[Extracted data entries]
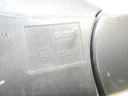 DSCN7343.JPG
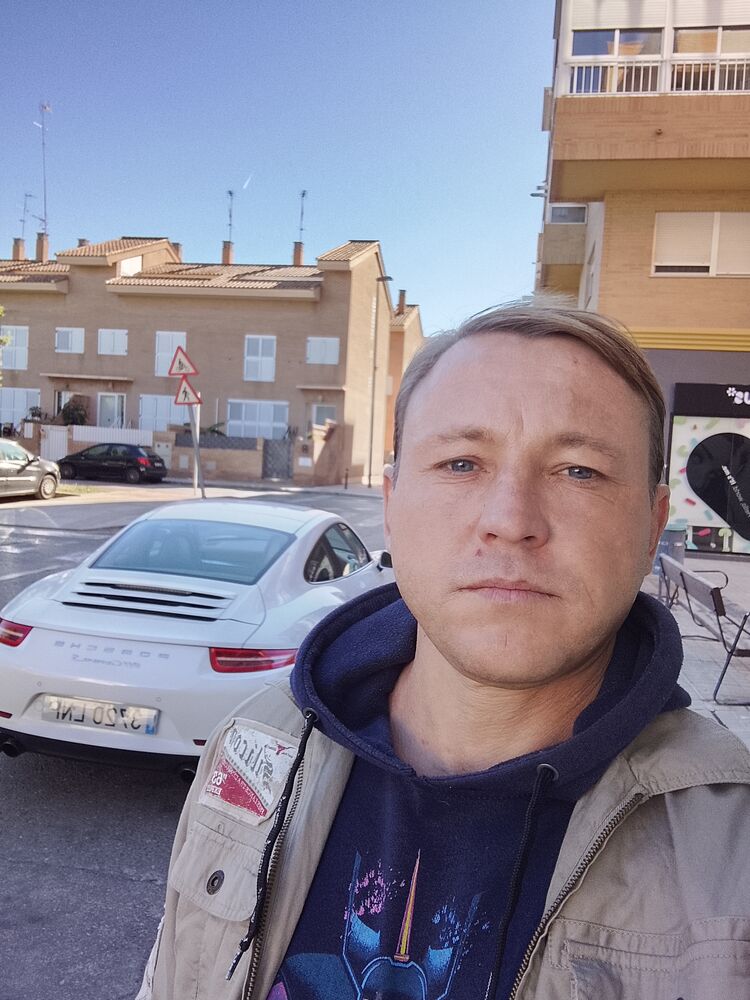 ���������� Sagunto, ���� ������� ������, 43 ����, ������������ ��� ������, ����� � ���������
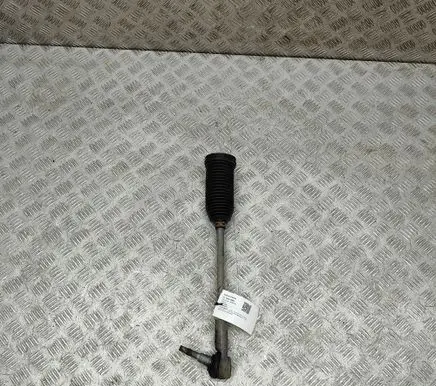 Ford Transit VII Steering tie rod KK213L519AC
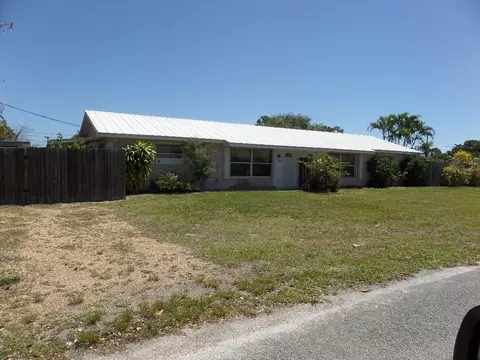 4853-4863 SE Bollard, Stuart, FL 34997 photo 1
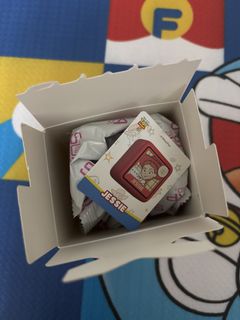 （分類：）位於 。 由 dbcornerhello 提交（商品編號 1449085461，圖片 1）。簡介： 。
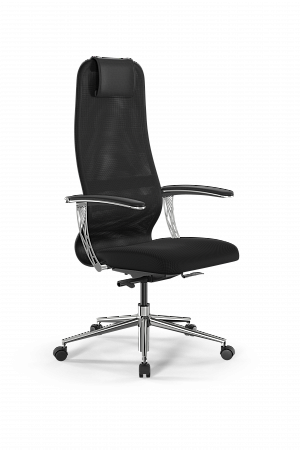 Ergolife SynchroSit 8 1523238 Ergolife SynchroSit 8 1523238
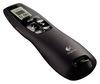Logitech Professional Presenter R800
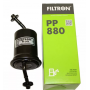 Топливный фильтр Filtron PP880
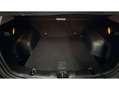 Jeep Compass 1.4 Multiair Sport 4x2 103kW Gris - thumbnail 19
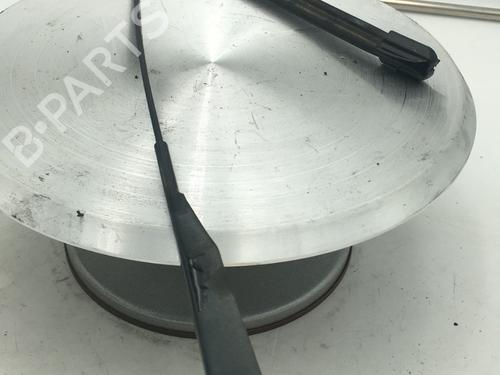 front-windshield-wiper-arm-opel-corsa-c-x01-2000-2001-2002-2003-2004-2005-2006-2007-2008-2009-30444369 main image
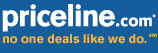 priceline.com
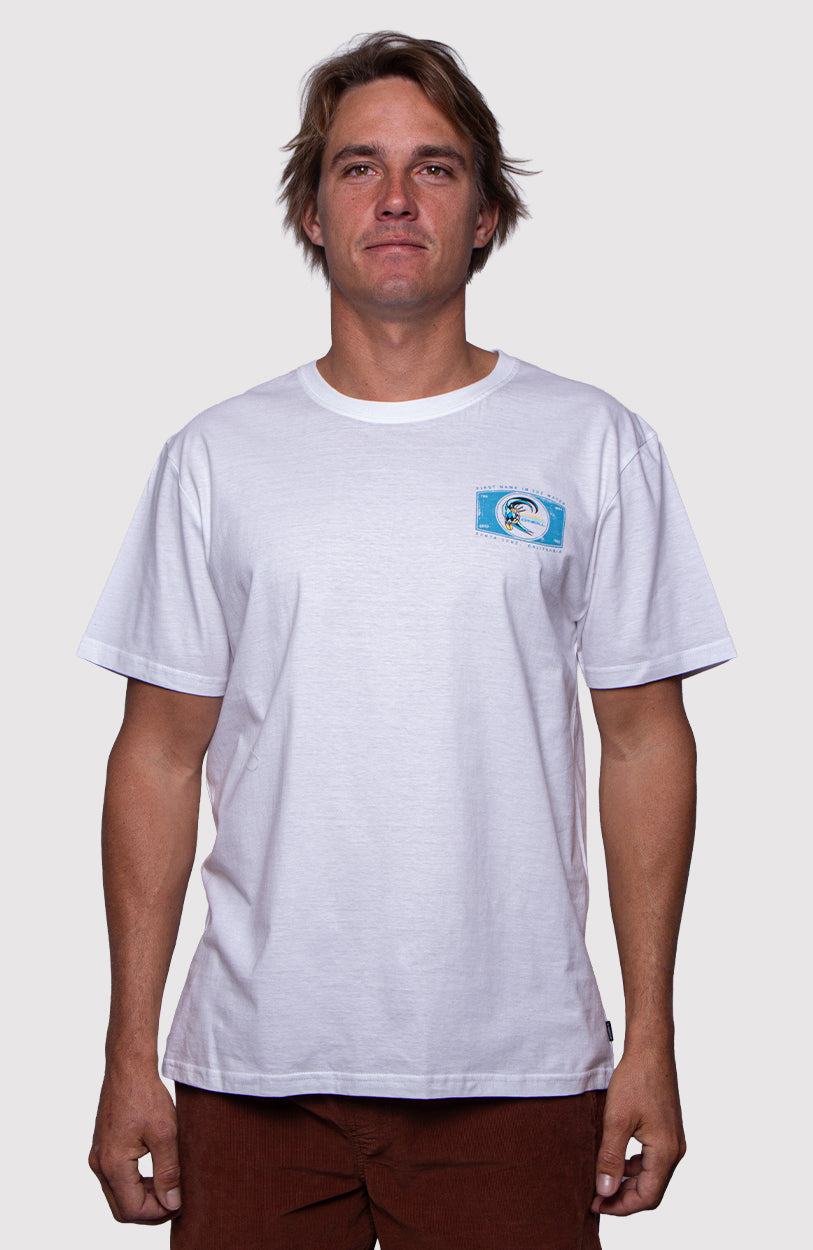 Remera Morining O'Neill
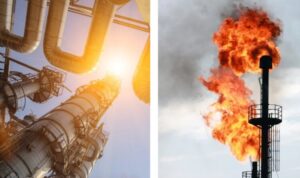 Emisi-Karbon-industri-fosil-750x563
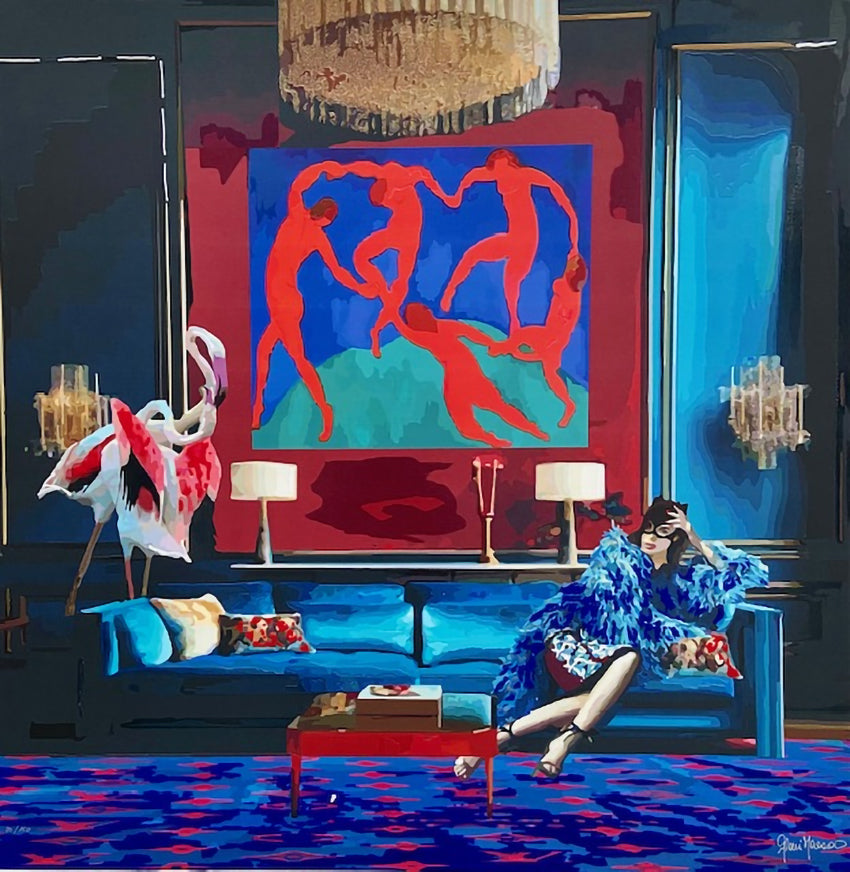 Sono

**DIRECTIONS:** The records above should be repeated exactly, with every picture omitted.

**TASK ANSWER:**
 DSCN7343.JPG
 ���������� Sagunto, ���� ������� ������, 43 ����, ������������ ��� ������, ����� � ���������
 Ford Transit VII Steering tie rod KK213L519AC
 4853-4863 SE Bollard, Stuart, FL 34997 photo 1
 （分類：）位於 。 由 dbcornerhello 提交（商品編號 1449085461，圖片 1）。簡介： 。
 Ergolife SynchroSit 8 1523238 Ergolife SynchroSit 8 1523238
Logitech Professional Presenter R800
 Топливный фильтр Filtron PP880
 Jeep Compass 1.4 Multiair Sport 4x2 103kW Gris - thumbnail 19
 front-windshield-wiper-arm-opel-corsa-c-x01-2000-2001-2002-2003-2004-2005-2006-2007-2008-2009-30444369 main image
 priceline.com
 Remera Morining O'Neill
 Emisi-Karbon-industri-fosil-750x563
 Sono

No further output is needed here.